YOUR TASK:
Set down all of the data exactly as it appears.

TASK DATA:
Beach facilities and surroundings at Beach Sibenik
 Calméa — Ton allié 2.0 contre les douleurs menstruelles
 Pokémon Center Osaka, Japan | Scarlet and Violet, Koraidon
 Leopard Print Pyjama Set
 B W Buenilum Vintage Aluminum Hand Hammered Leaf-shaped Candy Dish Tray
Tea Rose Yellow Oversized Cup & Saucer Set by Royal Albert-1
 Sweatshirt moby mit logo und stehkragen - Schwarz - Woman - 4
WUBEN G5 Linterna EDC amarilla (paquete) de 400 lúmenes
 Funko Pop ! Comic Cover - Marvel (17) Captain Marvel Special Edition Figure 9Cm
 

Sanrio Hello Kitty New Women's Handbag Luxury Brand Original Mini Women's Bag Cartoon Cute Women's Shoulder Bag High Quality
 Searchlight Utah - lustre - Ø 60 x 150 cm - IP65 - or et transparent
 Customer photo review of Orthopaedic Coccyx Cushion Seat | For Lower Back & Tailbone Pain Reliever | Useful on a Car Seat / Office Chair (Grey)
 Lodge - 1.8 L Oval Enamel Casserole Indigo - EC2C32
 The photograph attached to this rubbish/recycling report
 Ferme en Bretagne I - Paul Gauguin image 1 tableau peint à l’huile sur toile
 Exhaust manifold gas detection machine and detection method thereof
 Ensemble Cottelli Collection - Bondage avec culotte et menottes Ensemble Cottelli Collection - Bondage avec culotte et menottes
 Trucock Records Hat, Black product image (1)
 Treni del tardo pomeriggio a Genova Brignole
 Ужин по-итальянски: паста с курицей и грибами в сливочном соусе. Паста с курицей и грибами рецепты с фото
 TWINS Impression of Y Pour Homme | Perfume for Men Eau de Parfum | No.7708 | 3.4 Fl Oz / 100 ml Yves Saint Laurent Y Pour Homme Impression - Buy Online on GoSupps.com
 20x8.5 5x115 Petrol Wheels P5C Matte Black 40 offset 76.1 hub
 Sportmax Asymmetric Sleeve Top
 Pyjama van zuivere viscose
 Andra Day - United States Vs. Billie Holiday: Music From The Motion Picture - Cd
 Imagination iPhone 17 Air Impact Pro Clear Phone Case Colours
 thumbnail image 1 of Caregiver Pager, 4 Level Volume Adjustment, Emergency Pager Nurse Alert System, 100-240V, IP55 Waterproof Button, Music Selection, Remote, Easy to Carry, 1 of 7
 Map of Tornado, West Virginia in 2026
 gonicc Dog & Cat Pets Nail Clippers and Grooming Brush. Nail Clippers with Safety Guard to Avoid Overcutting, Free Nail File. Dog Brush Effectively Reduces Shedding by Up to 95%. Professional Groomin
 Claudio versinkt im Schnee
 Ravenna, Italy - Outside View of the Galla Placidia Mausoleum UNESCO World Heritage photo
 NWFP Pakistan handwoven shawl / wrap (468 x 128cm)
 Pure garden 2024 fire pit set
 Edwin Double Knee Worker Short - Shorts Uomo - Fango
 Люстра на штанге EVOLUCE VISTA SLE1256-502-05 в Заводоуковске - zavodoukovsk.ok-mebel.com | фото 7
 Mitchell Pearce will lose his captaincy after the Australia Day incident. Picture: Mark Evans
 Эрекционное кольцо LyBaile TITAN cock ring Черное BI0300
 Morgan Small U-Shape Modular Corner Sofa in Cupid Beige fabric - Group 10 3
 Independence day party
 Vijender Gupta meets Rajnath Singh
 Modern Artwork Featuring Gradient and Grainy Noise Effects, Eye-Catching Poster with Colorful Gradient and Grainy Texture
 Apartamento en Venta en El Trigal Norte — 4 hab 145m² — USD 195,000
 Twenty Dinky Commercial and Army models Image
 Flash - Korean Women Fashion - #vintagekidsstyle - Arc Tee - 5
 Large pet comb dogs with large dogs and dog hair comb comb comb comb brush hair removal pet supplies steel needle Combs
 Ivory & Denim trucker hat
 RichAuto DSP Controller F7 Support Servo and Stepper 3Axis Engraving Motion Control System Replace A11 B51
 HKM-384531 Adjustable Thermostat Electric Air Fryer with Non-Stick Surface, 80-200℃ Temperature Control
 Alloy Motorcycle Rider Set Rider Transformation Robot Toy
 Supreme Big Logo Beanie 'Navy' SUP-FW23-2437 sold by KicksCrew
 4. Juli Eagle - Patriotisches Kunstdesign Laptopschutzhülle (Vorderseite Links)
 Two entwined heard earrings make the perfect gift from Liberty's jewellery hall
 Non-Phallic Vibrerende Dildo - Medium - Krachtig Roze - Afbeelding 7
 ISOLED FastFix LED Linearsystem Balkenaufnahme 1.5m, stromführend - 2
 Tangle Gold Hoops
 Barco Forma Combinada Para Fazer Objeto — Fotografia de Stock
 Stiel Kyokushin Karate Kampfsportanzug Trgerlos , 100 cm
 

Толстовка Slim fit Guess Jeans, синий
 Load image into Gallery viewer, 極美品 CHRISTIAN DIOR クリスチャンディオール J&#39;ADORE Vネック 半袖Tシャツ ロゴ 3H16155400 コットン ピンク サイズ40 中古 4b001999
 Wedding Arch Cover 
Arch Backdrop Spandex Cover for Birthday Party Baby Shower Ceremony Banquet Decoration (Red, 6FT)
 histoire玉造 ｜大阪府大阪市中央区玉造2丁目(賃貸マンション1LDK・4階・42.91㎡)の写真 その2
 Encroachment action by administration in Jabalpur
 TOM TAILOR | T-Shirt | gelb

TASK RESULT:
Beach facilities and surroundings at Beach Sibenik
 Calméa — Ton allié 2.0 contre les douleurs menstruelles
 Pokémon Center Osaka, Japan | Scarlet and Violet, Koraidon
 Leopard Print Pyjama Set
 B W Buenilum Vintage Aluminum Hand Hammered Leaf-shaped Candy Dish Tray
Tea Rose Yellow Oversized Cup & Saucer Set by Royal Albert-1
 Sweatshirt moby mit logo und stehkragen - Schwarz - Woman - 4
WUBEN G5 Linterna EDC amarilla (paquete) de 400 lúmenes
 Funko Pop ! Comic Cover - Marvel (17) Captain Marvel Special Edition Figure 9Cm
 

Sanrio Hello Kitty New Women's Handbag Luxury Brand Original Mini Women's Bag Cartoon Cute Women's Shoulder Bag High Quality
 Searchlight Utah - lustre - Ø 60 x 150 cm - IP65 - or et transparent
 Customer photo review of Orthopaedic Coccyx Cushion Seat | For Lower Back & Tailbone Pain Reliever | Useful on a Car Seat / Office Chair (Grey)
 Lodge - 1.8 L Oval Enamel Casserole Indigo - EC2C32
 The photograph attached to this rubbish/recycling report
 Ferme en Bretagne I - Paul Gauguin image 1 tableau peint à l’huile sur toile
 Exhaust manifold gas detection machine and detection method thereof
 Ensemble Cottelli Collection - Bondage avec culotte et menottes Ensemble Cottelli Collection - Bondage avec culotte et menottes
 Trucock Records Hat, Black product image (1)
 Treni del tardo pomeriggio a Genova Brignole
 Ужин по-итальянски: паста с курицей и грибами в сливочном соусе. Паста с курицей и грибами рецепты с фото
 TWINS Impression of Y Pour Homme | Perfume for Men Eau de Parfum | No.7708 | 3.4 Fl Oz / 100 ml Yves Saint Laurent Y Pour Homme Impression - Buy Online on GoSupps.com
 20x8.5 5x115 Petrol Wheels P5C Matte Black 40 offset 76.1 hub
 Sportmax Asymmetric Sleeve Top
 Pyjama van zuivere viscose
 Andra Day - United States Vs. Billie Holiday: Music From The Motion Picture - Cd
 Imagination iPhone 17 Air Impact Pro Clear Phone Case Colours
 thumbnail image 1 of Caregiver Pager, 4 Level Volume Adjustment, Emergency Pager Nurse Alert System, 100-240V, IP55 Waterproof Button, Music Selection, Remote, Easy to Carry, 1 of 7
 Map of Tornado, West Virginia in 2026
 gonicc Dog & Cat Pets Nail Clippers and Grooming Brush. Nail Clippers with Safety Guard to Avoid Overcutting, Free Nail File. Dog Brush Effectively Reduces Shedding by Up to 95%. Professional Groomin
 Claudio versinkt im Schnee
 Ravenna, Italy - Outside View of the Galla Placidia Mausoleum UNESCO World Heritage photo
 NWFP Pakistan handwoven shawl / wrap (468 x 128cm)
 Pure garden 2024 fire pit set
 Edwin Double Knee Worker Short - Shorts Uomo - Fango
 Люстра на штанге EVOLUCE VISTA SLE1256-502-05 в Заводоуковске - zavodoukovsk.ok-mebel.com | фото 7
 Mitchell Pearce will lose his captaincy after the Australia Day incident. Picture: Mark Evans
 Эрекционное кольцо LyBaile TITAN cock ring Черное BI0300
 Morgan Small U-Shape Modular Corner Sofa in Cupid Beige fabric - Group 10 3
 Independence day party
 Vijender Gupta meets Rajnath Singh
 Modern Artwork Featuring Gradient and Grainy Noise Effects, Eye-Catching Poster with Colorful Gradient and Grainy Texture
 Apartamento en Venta en El Trigal Norte — 4 hab 145m² — USD 195,000
 Twenty Dinky Commercial and Army models Image
 Flash - Korean Women Fashion - #vintagekidsstyle - Arc Tee - 5
 Large pet comb dogs with large dogs and dog hair comb comb comb comb brush hair removal pet supplies steel needle Combs
 Ivory & Denim trucker hat
 RichAuto DSP Controller F7 Support Servo and Stepper 3Axis Engraving Motion Control System Replace A11 B51
 HKM-384531 Adjustable Thermostat Electric Air Fryer with Non-Stick Surface, 80-200℃ Temperature Control
 Alloy Motorcycle Rider Set Rider Transformation Robot Toy
 Supreme Big Logo Beanie 'Navy' SUP-FW23-2437 sold by KicksCrew
 4. Juli Eagle - Patriotisches Kunstdesign Laptopschutzhülle (Vorderseite Links)
 Two entwined heard earrings make the perfect gift from Liberty's jewellery hall
 Non-Phallic Vibrerende Dildo - Medium - Krachtig Roze - Afbeelding 7
 ISOLED FastFix LED Linearsystem Balkenaufnahme 1.5m, stromführend - 2
 Tangle Gold Hoops
 Barco Forma Combinada Para Fazer Objeto — Fotografia de Stock
 Stiel Kyokushin Karate Kampfsportanzug Trgerlos , 100 cm
 

Толстовка Slim fit Guess Jeans, синий
 Load image into Gallery viewer, 極美品 CHRISTIAN DIOR クリスチャンディオール J&#39;ADORE Vネック 半袖Tシャツ ロゴ 3H16155400 コットン ピンク サイズ40 中古 4b001999
 Wedding Arch Cover 
Arch Backdrop Spandex Cover for Birthday Party Baby Shower Ceremony Banquet Decoration (Red, 6FT)
 histoire玉造 ｜大阪府大阪市中央区玉造2丁目(賃貸マンション1LDK・4階・42.91㎡)の写真 その2
 Encroachment action by administration in Jabalpur
 TOM TAILOR | T-Shirt | gelb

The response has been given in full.